Saved entries:
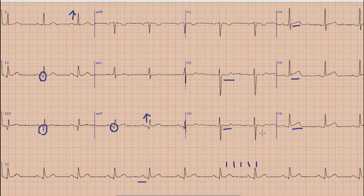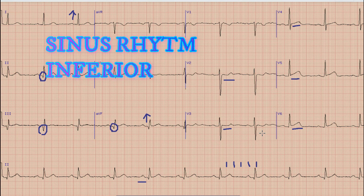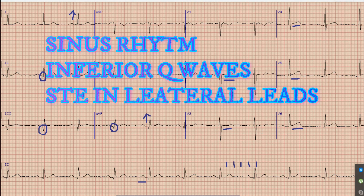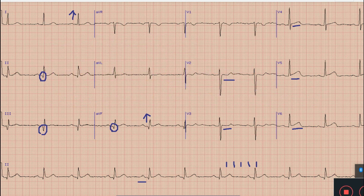So if we sum up the findings: there is sinus rhythm with normal axis, and there are Q waves in inferior leads indicating the history of previous inferior wall MI, along with ST elevation in lateral leads, which means that there is an ongoing ST elevation MI in the territory of the circumflex artery.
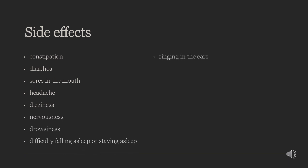Some common side effects of ketoprofen are constipation, diarrhea, sores in the mouth, headache, dizziness, nervousness, drowsiness, difficulty falling asleep or staying asleep, and ringing in the ears. In October 2020, the US Food and Drug Administration (FDA) required the drug label to be updated for all non-steroidal anti-inflammatory medications to describe the risk of kidney problems in fetuses that result in low amniotic fluid. They recommend avoiding NSAIDs in pregnant women at 20 weeks or later in pregnancy.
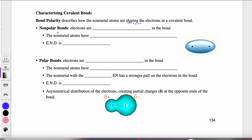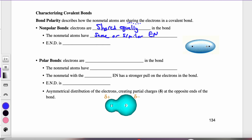When we have a nonpolar bond, the electrons are shared equally. The reason for this is that the nonmetal atoms have the same or similar electronegativity values, which allows the electrons in those valence orbitals to equally distribute between the two nuclei. The electronegativity difference, or END, is less than 0.5 — basically somewhere between 0 and 0.4.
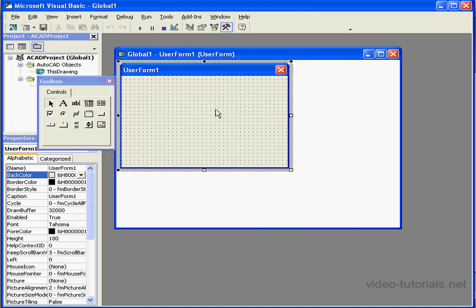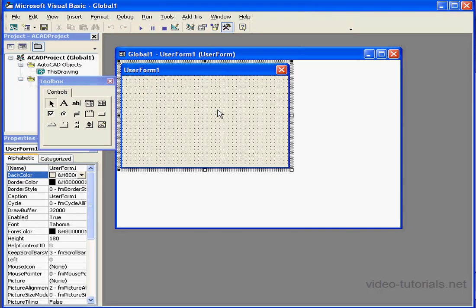In this tutorial, we're going to be learning what VBA is and what it can do for you as an AutoCAD engineer. Let's talk a little bit about Visual Basic.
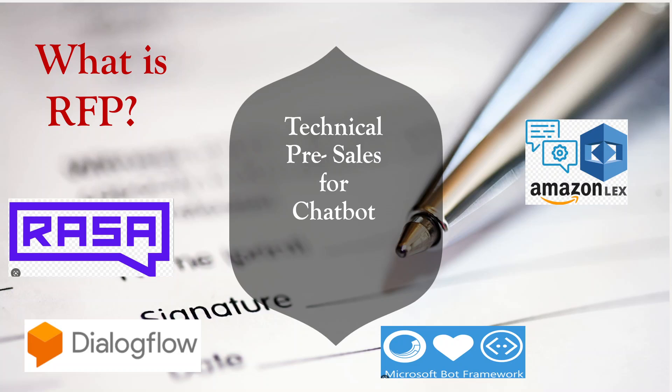Hi everybody, today we are going to start a new series about technical pre-sales. It's a part of the sales side for any IT project, mostly. We are going to explain different topics of technical pre-sales keeping in mind the chatbot as one of the factors.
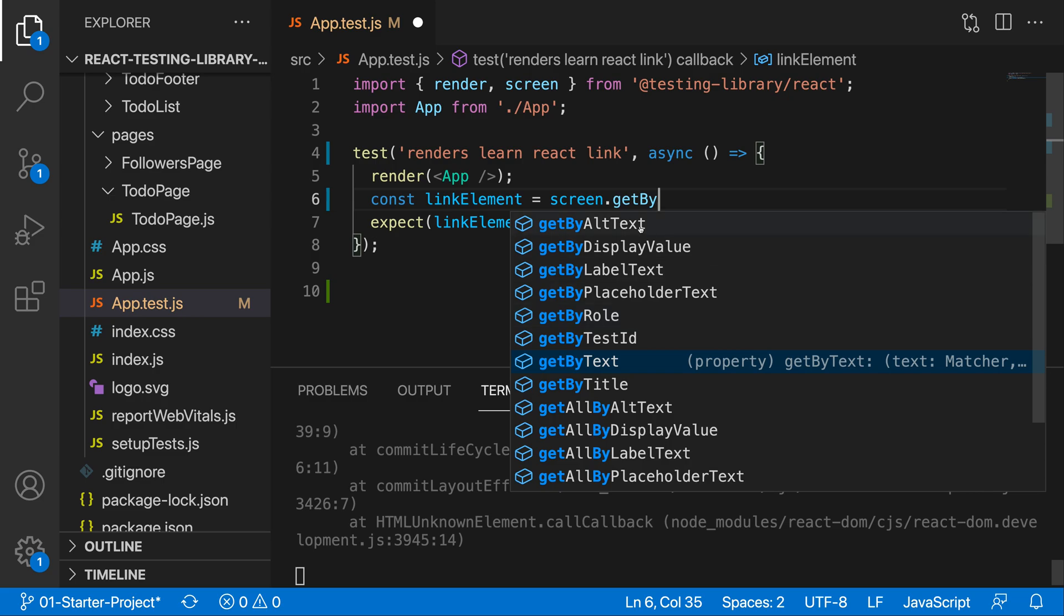Now, which one should I be primarily utilizing? And more often than not, we can actually get a specific element by multiple attributes. So we can either get it by the role or the text or the test ID. Now, which one should I be utilizing?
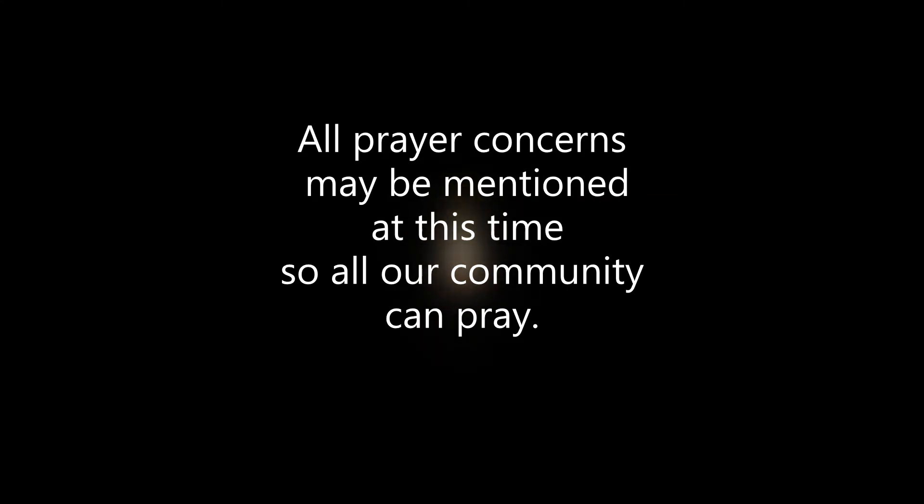Into your hands, O Lord, I commend my spirit. For you have redeemed me, O Lord, O God of truth.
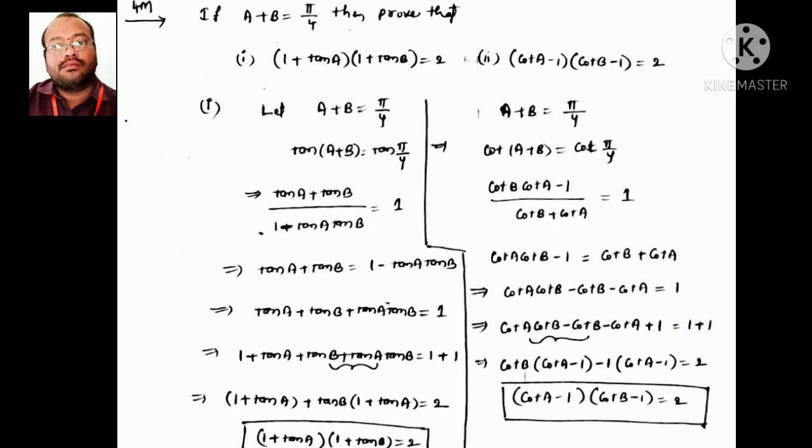Next: given A + B = π/4, prove two results. For the first, apply tan to both sides: (tan A + tan B)/(1 − tan A·tan B) = 1. Cross-multiplying: tan A + tan B = 1 − tan A·tan B. Adding 1 to both sides and taking (1 + tan A) common gives (1 + tan A)(1 + tan B) = 2. For the second, apply cot similarly; after cross-multiplying and adding 1, taking (cot A − 1) common gives (cot A − 1)(cot B − 1) = 2.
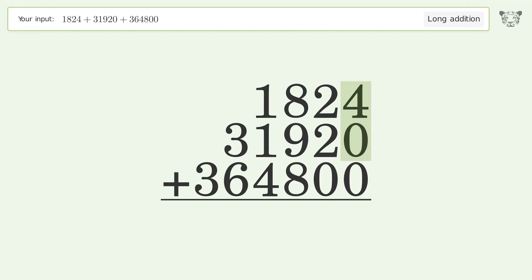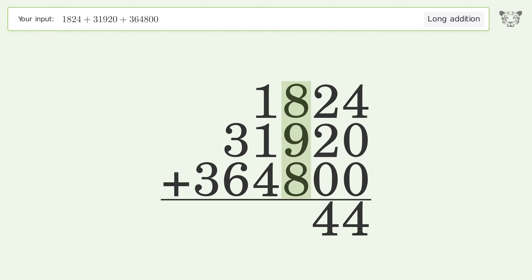4 plus 0 plus 0 equals 4. 2 plus 2 plus 0 equals 4. 8 plus 9 plus 8 equals 25. Carry 2 to the thousands place.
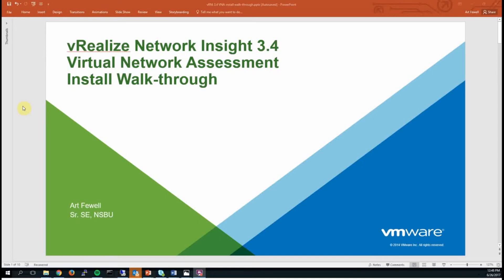Hi, my name is Art Fuel and I'm a Systems Engineer with the Networking and Security Business Unit at VMware. Today I'll be walking through an installation of vRealize Network Insight 3.4 for the purpose of conducting a virtual network assessment.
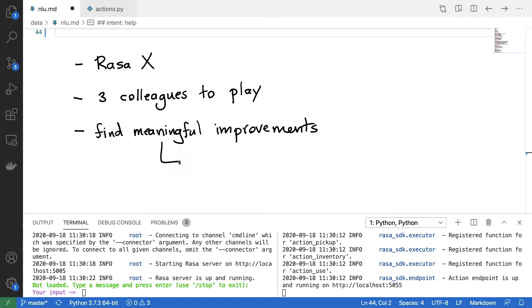And if I think about meaningful improvements, the main themes that I'm interested in are can I keep it fun and when do I maybe lose people in this conversational flow?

## [What this task involves]
Print an exact copy of the lines above, from the one containing "In this tutorial, we're" through the one containing "Next: given A", and leave out the pictures.

## [Exercise answer]
In this tutorial, we're going to be learning what VBA is and what it can do for you as an AutoCAD engineer. Let's talk a little bit about Visual Basic.
Hi everybody, today we are going to start a new series about technical pre-sales. It's a part of the sales side for any IT project, mostly. We are going to explain different topics of technical pre-sales keeping in mind the chatbot as one of the factors.
Now, which one should I be primarily utilizing? And more often than not, we can actually get a specific element by multiple attributes. So we can either get it by the role or the text or the test ID. Now, which one should I be utilizing?
Into your hands, O Lord, I commend my spirit. For you have redeemed me, O Lord, O God of truth.
Next: given A + B = π/4, prove two results. For the first, apply tan to both sides: (tan A + tan B)/(1 − tan A·tan B) = 1. Cross-multiplying: tan A + tan B = 1 − tan A·tan B. Adding 1 to both sides and taking (1 + tan A) common gives (1 + tan A)(1 + tan B) = 2. For the second, apply cot similarly; after cross-multiplying and adding 1, taking (cot A − 1) common gives (cot A − 1)(cot B − 1) = 2.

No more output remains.